Retention — Too soon to tell

It’s important to me to know how you’re doing today, not last month.  That means I reserve the right to reassess things any time, and your score could very well go down. This is bound up with the structure of the course: AC Circuits has 6 units, each of which builds directly on the previous one (unlike a science class where, for example, unit 1 might be atoms and unit 2 might be aardvarks).  Con: a missed skill back in unit 1 will mess you up over and over.  Pro: provides lots of practise and opportunities to work the same skill from different angles.  With luck, Unit 5 will give you some insight on Unit 2 and allow you to go back and fix it up if needed.

Feedback — Pro, I think

This will be tough, because there’s not enough time.  The concepts in these courses are complex and take a long time to explain well.  The textbook is a good reference for looking up things you already know but not much good at explaining things you don’t know.  That means I talk a lot in class.  At best, I get the students participating in conversations or activities or musical re-enactments (don’t laugh — “Walk like… an ee-lec-tron” is one of my better lesson plans) but it leaves precious little time for practice problems.  I’ll try to assign a couple of problems per night so we can talk about them in class without necessarily doing them in class.
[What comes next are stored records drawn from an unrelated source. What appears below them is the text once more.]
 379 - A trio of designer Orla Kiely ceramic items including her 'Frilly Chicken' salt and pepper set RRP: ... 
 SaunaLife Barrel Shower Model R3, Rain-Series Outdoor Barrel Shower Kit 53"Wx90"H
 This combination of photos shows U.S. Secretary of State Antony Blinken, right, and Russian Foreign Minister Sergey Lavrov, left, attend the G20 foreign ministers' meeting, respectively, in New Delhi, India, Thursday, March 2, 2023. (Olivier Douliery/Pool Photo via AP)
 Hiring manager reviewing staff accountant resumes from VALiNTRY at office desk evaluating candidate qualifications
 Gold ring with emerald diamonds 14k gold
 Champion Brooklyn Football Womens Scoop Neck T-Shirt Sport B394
I’ve also folded in extra feedback to this “weekly portfolio” approach I stole from Jason Buell.  Each student has a double-pocket folder for their list of topic skills.  There are a couple of pieces of looseleaf in the brads too.  When they’ve got something they either want feedback on (maybe some especially-troublesome practice problems that we didn’t have time to review in class) or that they want to submit, they can write a note on the looseleaf, slide the documentation into the pocket, and leave it in my mailbox.  I either do or do not agree that it sufficiently demonstrates skills X, Y, and Z, and write them back.  We did a bit of this with a work-record book last semester, and the conversations we had in writing were pretty cool.   I’m looking forward to the “message-board” as our conversation goes back and forth.  I hope to keep the same folders next year, so we can refer back to old conversations.